**Task details**
Write out exactly, with both ends included, the lines that run from the line containing "Beautiful The Night" to the end of the entries. Pictures are not part of the answer.

[Start of section]

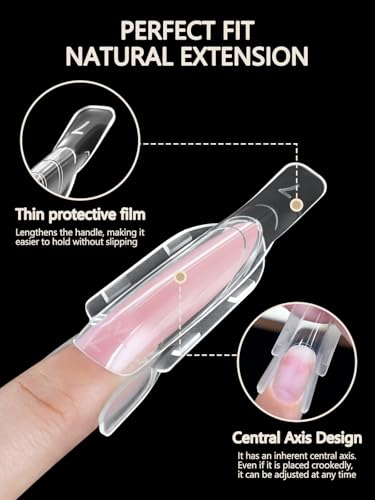 EBANKU Sandwich Dual Nail Forms 120PCS Transparent - color: Updated Almond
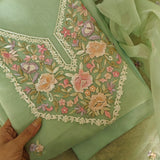 Pastel Green Embroidered Unstitched Salwar Suit Material with Organza Dupatta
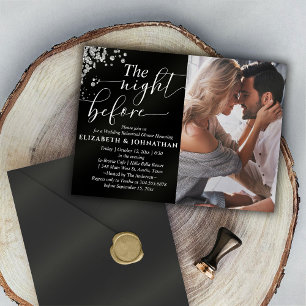 Beautiful The Night Before Rehearsal Dinner Photo  Invitation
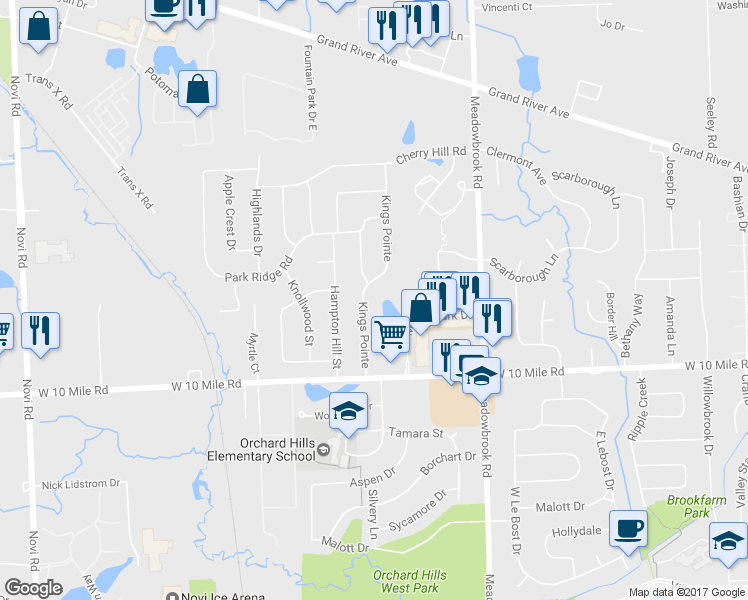 map of restaurants, bars, coffee shops, grocery stores, and more near 24372 Kings Pointe in Novi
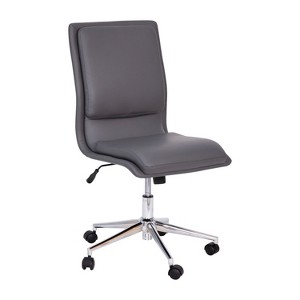 Flash Furniture Madigan Mid-Back Armless Swivel Task Office Chair with Upholstery and Adjustable Metal Base - 1 of 4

[End of section]

**Task output**
 Beautiful The Night Before Rehearsal Dinner Photo  Invitation
 map of restaurants, bars, coffee shops, grocery stores, and more near 24372 Kings Pointe in Novi
 Flash Furniture Madigan Mid-Back Armless Swivel Task Office Chair with Upholstery and Adjustable Metal Base - 1 of 4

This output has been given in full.